Hervanta the place I visited recently is a promised land for many people. That is why I was visiting to meet some of those people. We meet them in a social centre for women set up by the church in Hervanta. There were people from Afghanistan, Somalia, from Iraqi Kurdistan, all of whom had a story to tell, all who had found hope and safety in Finland. They may have begun life in the Middle East or Africa , but the promised land was the lakes and forests of Finland. And many landscapes and horizons have been promised lands – the white cliffs of Dover for those moving to England, the skyline of Manhattan, Sydney harbour, for those moving from England. Human history is made up of great epochs of people moving and finding new promised lands for themselves and their families.

 

 

 

And we have to be honest many people throughout the world in our age struggle with accepting and integrating those who have travelled to find new lands. From South Africa, to the United States, to Australia, to Finland to England, the cry goes up who are these strangers in the land of my ancestors? The message all of these places need to understand is that if you want to build a new future, then you create new promised lands in the places where you live now. You will not create that new promised land by looking back, craving for the world of the past – that is gone. The new promised land, the new city, the new Jerusalem comes about by building anew. And there are no short cuts to that building.

 

Now and again in Hervanta you see in the midst of a housing estate a huge stone the size of a house, which is a reminder that the entire place is built on bedrock. So was Jerusalem and much of the surrounding area. And on top of this bedrock was hard clay, clay which is described in the book of Leviticus as being as hard as iron. Winter was no good for building as this clay then turned into mud. There was not short cut, to build a solid foundation you had to hammer away at the clay and get to the bedrock. In 1991 an apartment in Jerusalem collapsed. Investigations revealed that the builders had not gone down to the bedrock, there had been a water leak, the remaining clay had turned to sludge and the house had fallen. No short cuts in Jerusalem in Jesus’ time or now. You have to hammer through the hard clay and get to the bed rock and build a solid foundation.

 

And so it is for those of us building new promised lands, new cities in our day. You know we do not have the dis-ease that use to be in our cities, cholera, typhus, and many other infectious diseases. We’ve conquered many of them. But we do have ill-ease. Ill ease with crime, ill ease with anti social behaviour, ill ease with people who dress differently speak differently from us, ill ease with those have a different faith, appear to have a different framework of ethics. But in the same way that great Victorian sanitary reformers conquered the dis ease, we need great twenty first century reformers to conquer this ill ease.

 

And it already begins. I spoke of the projects in Finland. Think of those projects you have in Halifax; Action Halifax, the interfaith council, Calderdale Metropolitan Borough Council, your Parochial Church council, this congregation. You are the builders of the New Jerusalem in this green and pleasant land. On this urban Sunday we rekindle our efforts to live like our ancestors when they moved into a new place.
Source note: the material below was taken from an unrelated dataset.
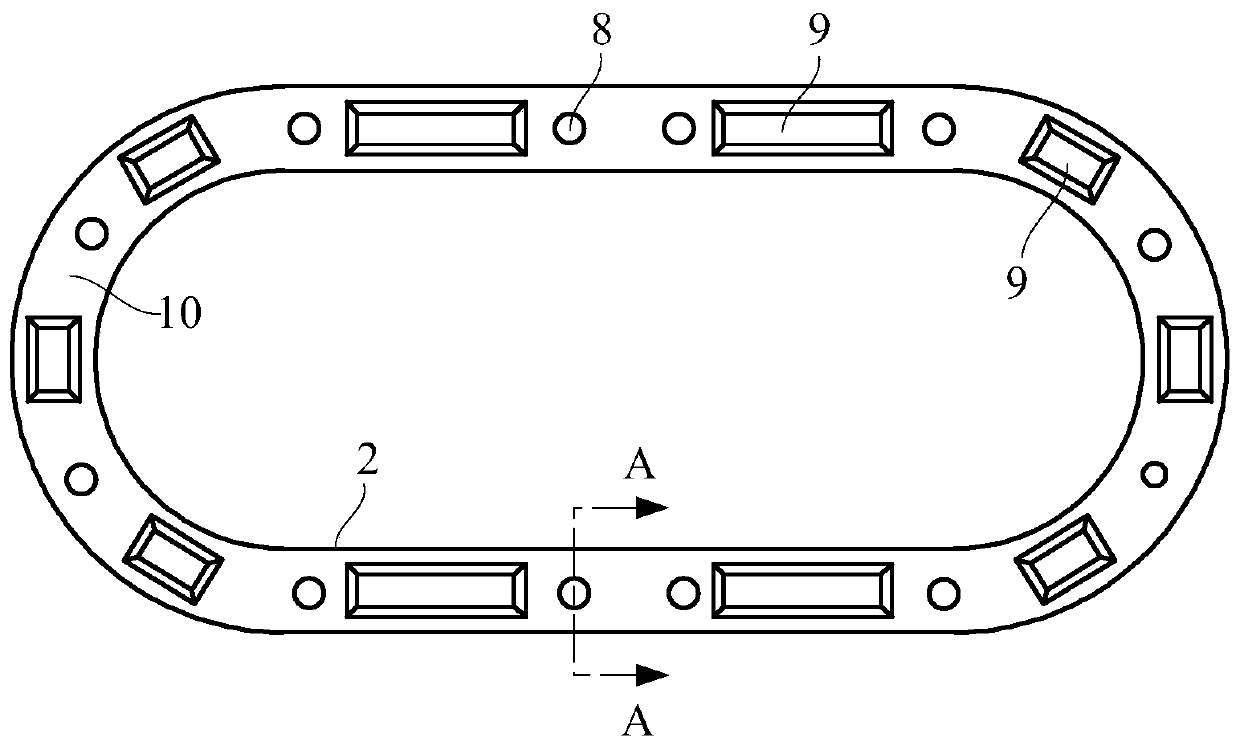 Railway assembled hollow pier and construction method thereof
Don’t let the place inflict on you, inflict your desires, your noble aspirations, and hopes on the place. Don’t passively let the future happen in spite of your noble desires, shape the future because of your desires and make that future now.

 

When Jesus had ascended in heaven, his apostles were told to stay in the city until you are clothed with power from on high. We who stay in the urban in the city in our day have received that promised clothing. We not only hear the words of Jesus in our gospels. we act on them. We place these words in our heart and soul. We armed with the power of the Holy Spirit, resourced with God’s words, strengthened by his sacraments, most especially his sacrament of the Eucharist can get out there and make a difference, to create the heavenly Jerusalem. One built on rock.